**EXERCISE GOAL**
Return the lines of the data below exactly. Start at the first and end with the line containing "LTC6228-6229 Pin Configuration".

Entries taken from a collection:
==*==

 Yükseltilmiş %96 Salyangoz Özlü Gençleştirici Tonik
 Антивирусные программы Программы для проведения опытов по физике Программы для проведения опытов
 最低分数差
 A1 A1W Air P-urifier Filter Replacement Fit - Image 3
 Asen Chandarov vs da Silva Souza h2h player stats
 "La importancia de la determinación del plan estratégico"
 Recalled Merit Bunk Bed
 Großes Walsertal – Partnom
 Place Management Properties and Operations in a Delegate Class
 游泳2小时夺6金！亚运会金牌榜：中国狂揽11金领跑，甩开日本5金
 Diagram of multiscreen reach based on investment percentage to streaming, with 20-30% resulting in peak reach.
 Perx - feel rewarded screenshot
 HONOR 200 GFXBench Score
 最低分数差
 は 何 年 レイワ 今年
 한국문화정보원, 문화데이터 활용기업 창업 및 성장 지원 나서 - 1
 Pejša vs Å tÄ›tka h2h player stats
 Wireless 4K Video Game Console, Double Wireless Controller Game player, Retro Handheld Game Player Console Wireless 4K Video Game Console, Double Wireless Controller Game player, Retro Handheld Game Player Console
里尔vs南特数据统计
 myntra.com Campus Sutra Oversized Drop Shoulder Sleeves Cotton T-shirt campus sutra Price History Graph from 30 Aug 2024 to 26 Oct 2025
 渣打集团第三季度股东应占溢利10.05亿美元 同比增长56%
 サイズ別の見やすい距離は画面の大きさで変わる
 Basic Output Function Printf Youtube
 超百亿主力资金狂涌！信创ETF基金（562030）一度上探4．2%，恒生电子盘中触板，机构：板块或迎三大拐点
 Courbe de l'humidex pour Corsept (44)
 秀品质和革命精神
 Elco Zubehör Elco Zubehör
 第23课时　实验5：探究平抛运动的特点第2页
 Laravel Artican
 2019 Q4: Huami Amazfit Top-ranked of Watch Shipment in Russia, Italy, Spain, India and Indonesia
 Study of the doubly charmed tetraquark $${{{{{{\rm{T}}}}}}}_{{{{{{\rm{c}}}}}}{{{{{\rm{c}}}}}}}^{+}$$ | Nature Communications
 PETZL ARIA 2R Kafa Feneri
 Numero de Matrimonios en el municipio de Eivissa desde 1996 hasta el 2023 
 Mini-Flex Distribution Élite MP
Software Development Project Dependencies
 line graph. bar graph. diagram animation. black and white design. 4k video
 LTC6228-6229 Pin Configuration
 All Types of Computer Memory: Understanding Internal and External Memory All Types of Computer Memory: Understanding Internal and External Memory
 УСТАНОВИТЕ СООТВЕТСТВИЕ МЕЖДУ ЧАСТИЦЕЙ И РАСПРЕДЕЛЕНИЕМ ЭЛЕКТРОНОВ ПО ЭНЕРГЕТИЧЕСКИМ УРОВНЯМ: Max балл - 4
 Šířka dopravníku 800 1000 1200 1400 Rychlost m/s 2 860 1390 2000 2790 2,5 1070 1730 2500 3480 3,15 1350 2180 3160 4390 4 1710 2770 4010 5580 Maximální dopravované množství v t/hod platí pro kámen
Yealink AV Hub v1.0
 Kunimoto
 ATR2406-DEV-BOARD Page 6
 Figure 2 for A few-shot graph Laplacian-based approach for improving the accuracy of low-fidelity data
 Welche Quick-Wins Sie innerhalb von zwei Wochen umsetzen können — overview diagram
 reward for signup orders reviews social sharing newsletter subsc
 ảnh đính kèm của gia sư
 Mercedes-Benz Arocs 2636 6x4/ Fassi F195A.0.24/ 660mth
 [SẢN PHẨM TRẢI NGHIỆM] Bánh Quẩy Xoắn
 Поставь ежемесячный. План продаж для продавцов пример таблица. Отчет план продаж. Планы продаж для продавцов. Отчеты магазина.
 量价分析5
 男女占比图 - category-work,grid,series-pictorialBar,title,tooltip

==*==

**TASK OUTPUT**
 Yükseltilmiş %96 Salyangoz Özlü Gençleştirici Tonik
 Антивирусные программы Программы для проведения опытов по физике Программы для проведения опытов
 最低分数差
 A1 A1W Air P-urifier Filter Replacement Fit - Image 3
 Asen Chandarov vs da Silva Souza h2h player stats
 "La importancia de la determinación del plan estratégico"
 Recalled Merit Bunk Bed
 Großes Walsertal – Partnom
 Place Management Properties and Operations in a Delegate Class
 游泳2小时夺6金！亚运会金牌榜：中国狂揽11金领跑，甩开日本5金
 Diagram of multiscreen reach based on investment percentage to streaming, with 20-30% resulting in peak reach.
 Perx - feel rewarded screenshot
 HONOR 200 GFXBench Score
 最低分数差
 は 何 年 レイワ 今年
 한국문화정보원, 문화데이터 활용기업 창업 및 성장 지원 나서 - 1
 Pejša vs Å tÄ›tka h2h player stats
 Wireless 4K Video Game Console, Double Wireless Controller Game player, Retro Handheld Game Player Console Wireless 4K Video Game Console, Double Wireless Controller Game player, Retro Handheld Game Player Console
里尔vs南特数据统计
 myntra.com Campus Sutra Oversized Drop Shoulder Sleeves Cotton T-shirt campus sutra Price History Graph from 30 Aug 2024 to 26 Oct 2025
 渣打集团第三季度股东应占溢利10.05亿美元 同比增长56%
 サイズ別の見やすい距離は画面の大きさで変わる
 Basic Output Function Printf Youtube
 超百亿主力资金狂涌！信创ETF基金（562030）一度上探4．2%，恒生电子盘中触板，机构：板块或迎三大拐点
 Courbe de l'humidex pour Corsept (44)
 秀品质和革命精神
 Elco Zubehör Elco Zubehör
 第23课时　实验5：探究平抛运动的特点第2页
 Laravel Artican
 2019 Q4: Huami Amazfit Top-ranked of Watch Shipment in Russia, Italy, Spain, India and Indonesia
 Study of the doubly charmed tetraquark $${{{{{{\rm{T}}}}}}}_{{{{{{\rm{c}}}}}}{{{{{\rm{c}}}}}}}^{+}$$ | Nature Communications
 PETZL ARIA 2R Kafa Feneri
 Numero de Matrimonios en el municipio de Eivissa desde 1996 hasta el 2023 
 Mini-Flex Distribution Élite MP
Software Development Project Dependencies
 line graph. bar graph. diagram animation. black and white design. 4k video
 LTC6228-6229 Pin Configuration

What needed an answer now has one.